Billboards Call Out Cuellar for Refusing to Sign Term Limits Pledge

SAN ANTONIO, TX /PRNewswire/ — U.S. Term Limits is calling out Rep. Henry Cuellar (TX-28) for refusing to sign the U.S. Term Limits pledge that promises to co-sponsor the U.S. Term Limits amendment for congressional term limits in a series of billboards in his district. The introduced amendment calls for 6 years total in the U.S. House of Representatives and 12 years maximum in the U.S. Senate. The billboards are meant to educate the voters of the district about Cuellar’s adamant refusal to support congressional term limits. Recent polling by RMG Research shows 84% of likely Democratic voters in his district favor congressional term limits. Cuellar’s Democratic opponent in the primary, Jessica Cisneros has signed the pledge. The polling also shows that when Democratic primary voters are made aware that Cisneros supports congressional term limits and Cuellar does not, she surges to a lead over Cuellar who has consistently refused to sign the term limits pledge.

House Joint Resolution 12 (HJR12) has 77 House members on board. Support is expected to exceed 100 members in the next session of Congress. The U.S. Term Limits amendment has been introduced in Congress calling for six years total in the U.S. House of Representatives and twelve years maximum in the U.S. Senate. Senate Joint Resolution 3 (SJR3) has 16 sponsors and cosponsors.
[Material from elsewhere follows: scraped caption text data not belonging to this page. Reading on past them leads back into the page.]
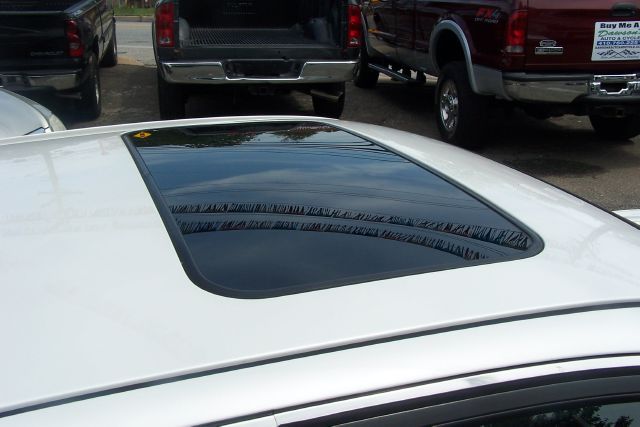 2002 Hyundai Sonata Elk Conversion Van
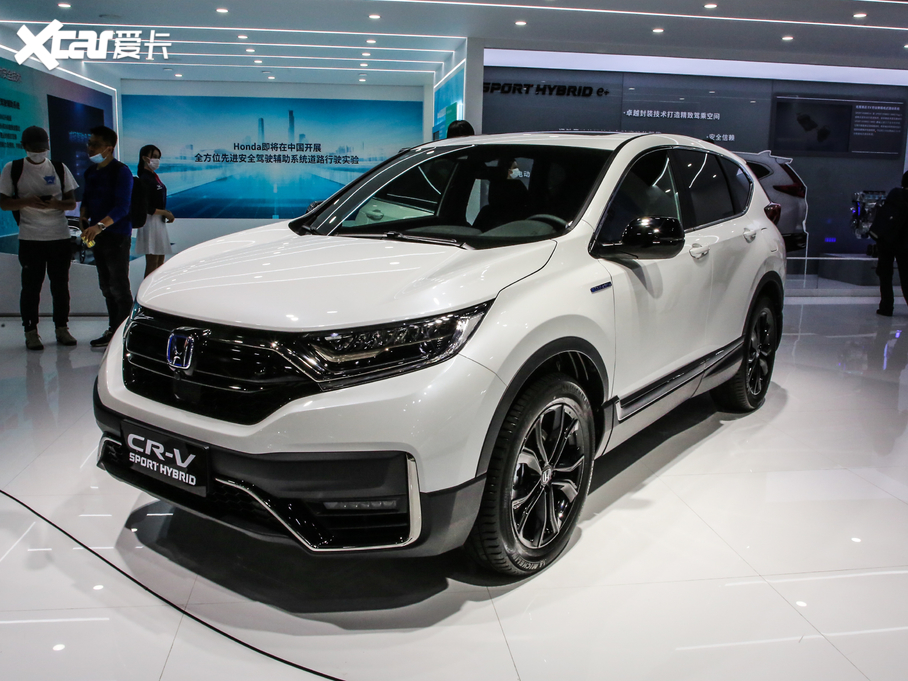 2021CR-V e:HEV 񡤻춯 2.0L ھʿ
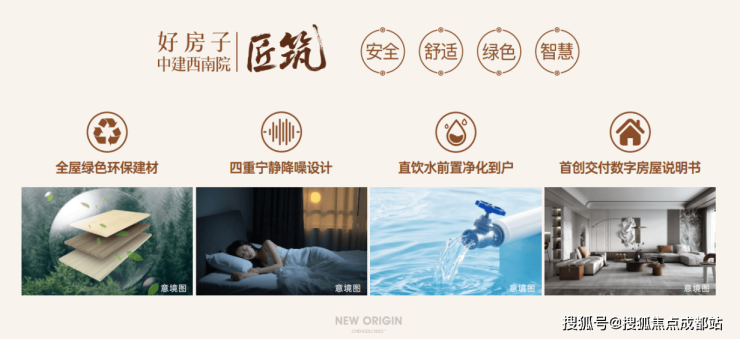 成都【中建匠宸元启】售楼部认证电话发布最新房价、最低总价、在售户型及项目优惠详情春节预约看房现已开启。(图14)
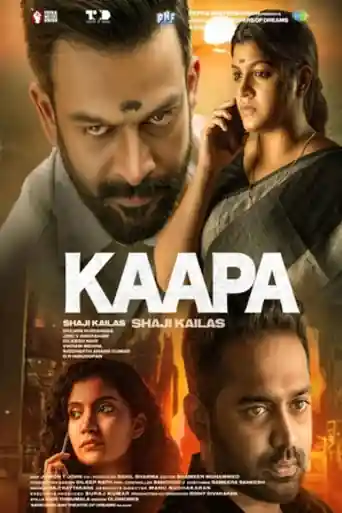Kaapa 2022 WEB-DL UNCUT Hindi Dual Audio ORG Full Movie Download 1080p | 720p | 480p poster | Bolly4u Official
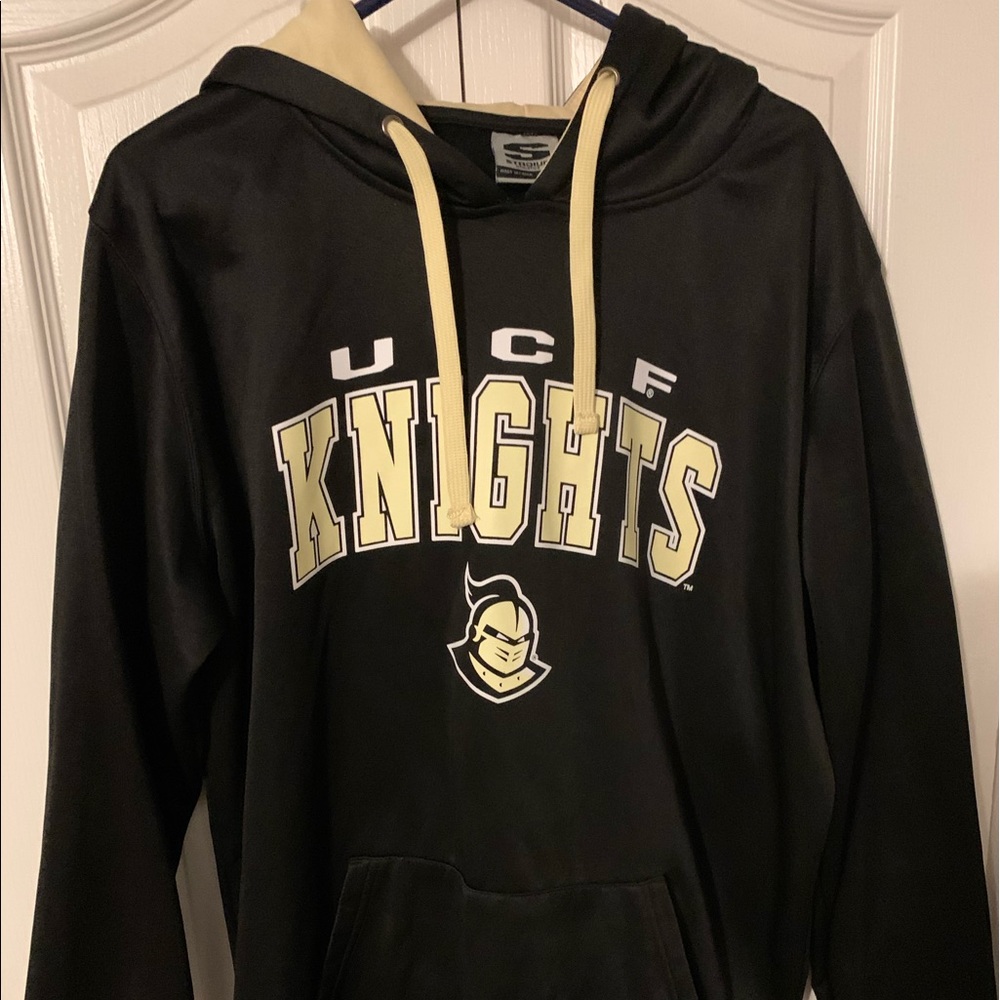 Men’s UCF Hoodie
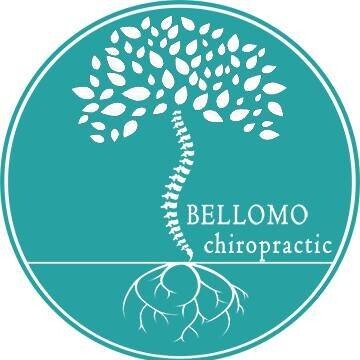 Bellomo Family Chiropractic Orlando Logo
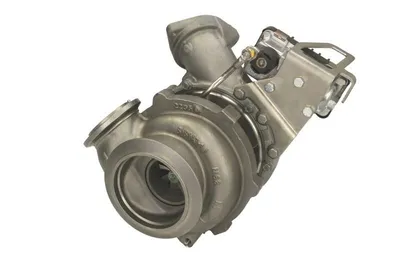 Turbocharger factory remanufactured (Garrett original)-CHGT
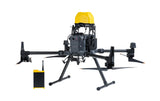 AVSS Flight Termination System PRS-M350EX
“Since entering office in 2005, Henry Cuellar has refused to sign the term limits pledge despite the fact that his constituents favor congressional term limits,” said Nicolas Tomboulides, Executive Director of U.S. Term Limits. “These billboards are meant to educate voters of the 28th District that Representative Cuellar does not support congressional term limits.

“Congressional term limits is not a Democratic or Republican issue, it is an American issue,” concluded Tomboulides. “In this polarized political environment, the need for congressional term limits is the one issue all Americans agree on except for Henry Cuellar.”